Corpus linguistics is a scientific method of language analysis which draws on empirical evidence from corpora (i.e. large electronic datasets of language samples) and automatic (computer-aided) quantitative analysis to provide description of systematic variation in language use across different domains and language users. The use of advanced quantitative methods, statistics and data visualization makes corpus approaches especially effective at identifying (complex) lexico-grammatical patterns typical of different genres, linguistics settings and user groups. As a result, corpora have been employed extensively in the description of language in professional and educational contexts, resulting in major theoretical advances in the understanding of linguistic variation in these domains with practical applications, for example, in language teaching and testing.

Corpus research has played a major role in describing the structure of the English lexicon, identifying core items in general English as well as vocabulary typical for academic domains.

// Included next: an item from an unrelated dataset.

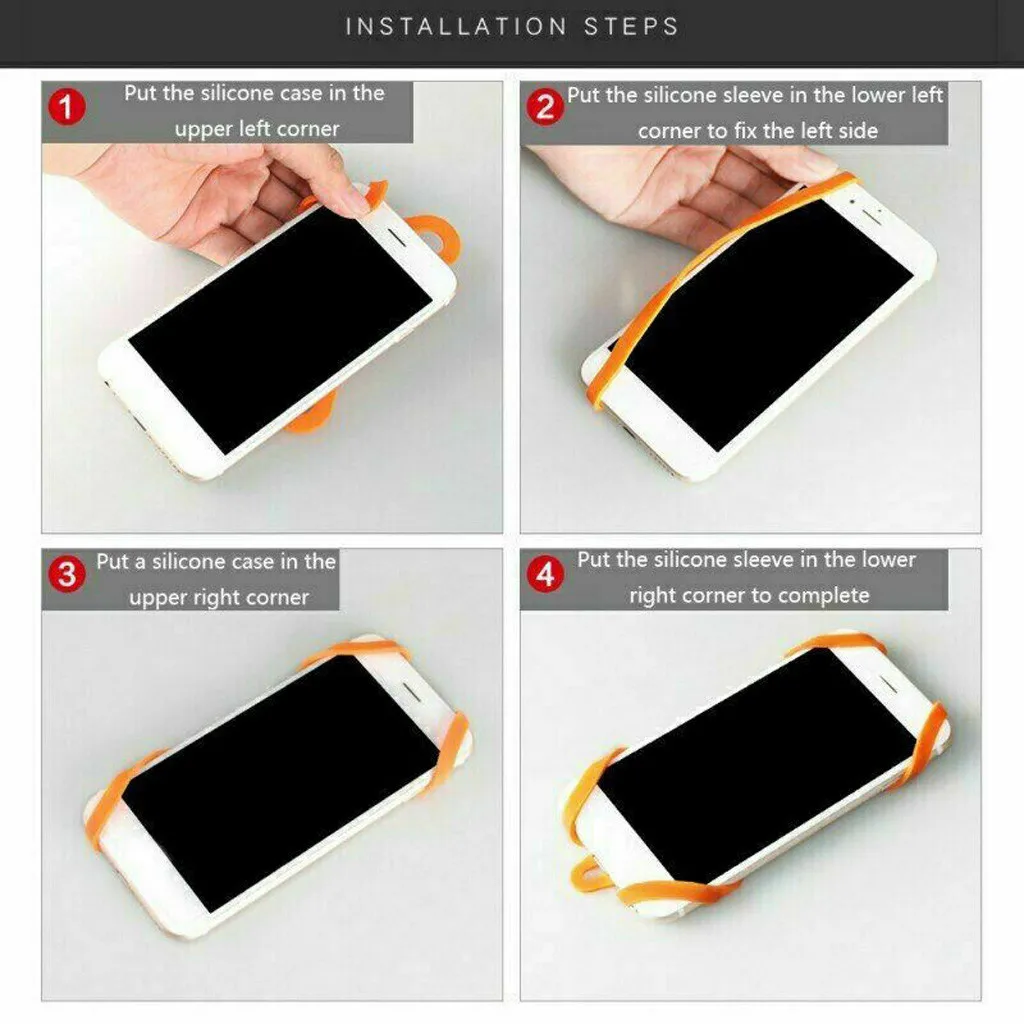 Супер-захват для телефона, защитный шейный ремешок для мобильного телефона, силиконовый веревочный ремешок для iPhone X XR, 4-6,5 дюймов, чехол для мобильного телефона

Wordlists based on these studies have been used widely in EAP/ESP research and practice. Corpus methods have also contributed to evidence-based description of typical forms and functions of academic genres such as narrative and argumentative writing. Finally, corpora have significantly influenced the direction of the research that describes lexical, grammatical and formulaic complexity of texts in order to establish the linguistic knowledge needed to produce or comprehend these texts. Overall, corpus-based research has provided unique data and methods that have significantly advanced our understanding of academic/specialised English, with a direct, transformative impact on the research, teaching and testing of English used in educational contexts.